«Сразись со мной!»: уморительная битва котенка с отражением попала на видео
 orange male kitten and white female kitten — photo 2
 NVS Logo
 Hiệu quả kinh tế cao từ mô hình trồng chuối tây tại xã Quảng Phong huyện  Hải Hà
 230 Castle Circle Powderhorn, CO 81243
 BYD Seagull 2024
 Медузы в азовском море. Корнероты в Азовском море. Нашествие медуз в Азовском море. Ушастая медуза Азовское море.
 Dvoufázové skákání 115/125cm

What this task involves. The lines from the one containing "Медузы в азовском" through the final line of the listing above are all you should set down, exactly as written.

Response to this exercise.
 Медузы в азовском море. Корнероты в Азовском море. Нашествие медуз в Азовском море. Ушастая медуза Азовское море.
 Dvoufázové skákání 115/125cm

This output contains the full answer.